Realtime thread priorities

John Baldwin jhb at
Tue Dec 14 12:57:17 UTC 2010

On Monday, December 13, 2010 8:30:24 pm David Xu wrote:
> John Baldwin wrote:
> > On Sunday, December 12, 2010 3:06:20 pm Sergey Babkin wrote:
> >> John Baldwin wrote:
> >>> The current layout breaks up the global thread priority space (0 - 255) 
> > into a
> >>> couple of bands:
> >>>
> >>>   0 -  63 : interrupt threads
> >>>  64 - 127 : kernel sleep priorities (PSOCK, etc.)
> >>> 128 - 159 : real-time user threads (rtprio)
> >>> 160 - 223 : time-sharing user threads
> >>> 224 - 255 : idle threads (idprio and kernel idle procs)
> >>>
> >>> If we decide to change the behavior I see two possible fixes:
> >>>
> >>> 1) (easy) just move the real-time priority range above the kernel sleep
> >>> priority range
> >> Would not this cause a priority inversion when an RT process
> >> enters the kernel mode?
> > 
> > How so?  Note that timesharing threads are not "bumped" to a kernel sleep 
> > priority when they enter the kernel either.  The kernel sleep priorities are 
> > purely a way for certain sleep channels to cause a thread to be treated as 
> > interactive and give it a priority boost to favor interactive threads.  

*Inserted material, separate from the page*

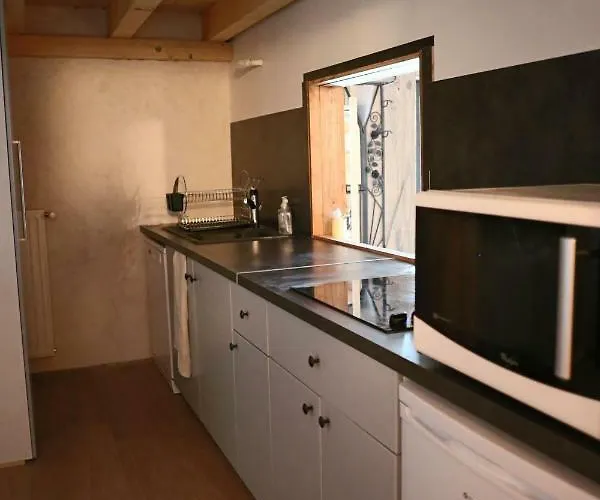 Penzion La Ferme Sous Les Hiez 3*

> > Threads in the kernel do not automatically have higher priority than threads 
> > not in the kernel.  Keep in mind that all stopped threads (threads not 
> > executing) are always in the kernel when they stop.

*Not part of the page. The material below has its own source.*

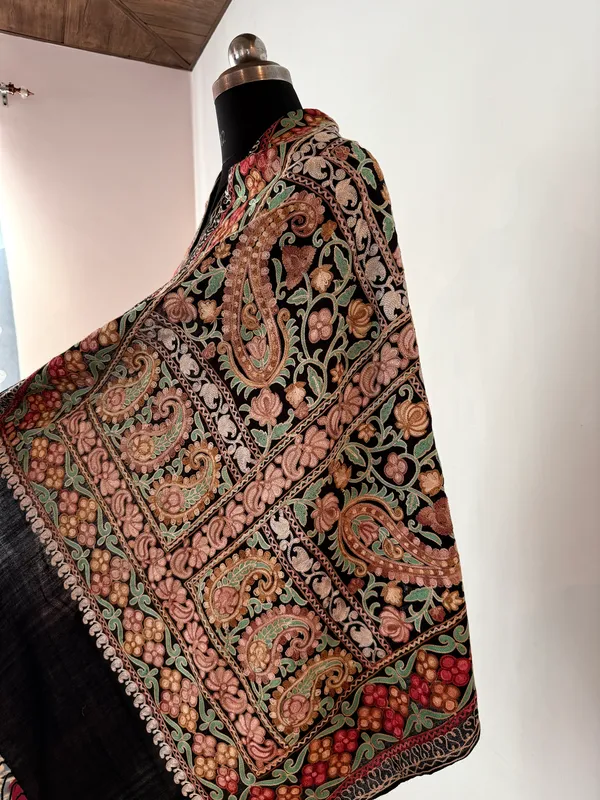 Black_Embroidered_Traditional_Shawl_for_Women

> I have requirement to make a thread running in kernel has more higher
> priority over a thread running userland code, because our kernel
> mutex is not sleepable which does not like Solaris did, I have to use
> semaphore like code in kern_umtx.c to lock a chain, which allows me
> to read and write user address space, this is how umtxq_busy() did,
> but it does not prevent a userland thread from preempting a thread
> which locked the chain, if a realtime thread preempts a thread
> locked the chain, it may lock up whole processes using pthread.
> I think our realtime scheduling is not very useful, it is too easy
> to lock up system.

Users are not forced to use rtprio.  They choose to do so, and they have to
be root to enable it (either directly or by extending root privileges via
sudo or some such).  Just because you don't have a use case for it doesn't
mean that other people do not.  Right now there is no way possible to say
that a given userland process is more important than 'sshd' (or any other
daemon) blocked in poll/select/kevent waiting for a packet.  However, there
are use cases where other long-running userland processes are in fact far
more important than sshd (or similar processes such as getty, etc.).